Arizona Is Already in the Crosshairs
The Phoenix metro is not watching this from a distance. It is in the middle of it. As of last spring, the Phoenix area had 75 data centers operating and 49 more planned. That growth is accelerating precisely as the Colorado River system faces sustained pressure.
Developers have increasingly sited large projects just outside municipal boundaries to avoid Arizona’s Assured and Adequate Water Supply law, which requires proof that a development can meet its water needs for 100 years. Building beyond city limits allows developers to sidestep that requirement while still relying on nearby water infrastructure.

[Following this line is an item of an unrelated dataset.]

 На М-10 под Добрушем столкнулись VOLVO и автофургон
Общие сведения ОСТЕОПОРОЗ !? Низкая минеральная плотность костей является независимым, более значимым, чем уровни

In early May, a data center in Arizona was caught taking public water without authorization, discovered only after residents complained about dust control issues.
The Numbers Are Staggering
The scale of the problem is hard to overstate. AI data centers consumed roughly 264 billion gallons of water in 2025 alone, equivalent to the annual water use of 1.8 million Americans. A 100-megawatt facility can consume approximately 500,000 gallons per day. Multiply that across dozens of planned Phoenix-area facilities and the math becomes uncomfortable.

What Comes Next for Arizona
The Imperial Valley saga is a preview of disputes Arizona will face if it doesn’t establish clear rules now. Other states are moving. Denver passed a moratorium on new data center construction while the city drafts regulations covering energy use, water consumption, noise, and placement. California passed legislation requiring water use disclosures before facilities go online.
Arizona has some of the most sophisticated water law in the West. It also has some of the most severe exposure to Colorado River cuts. Those two facts are on a collision course.
The question is whether the state will write the rules before the water runs out, or after.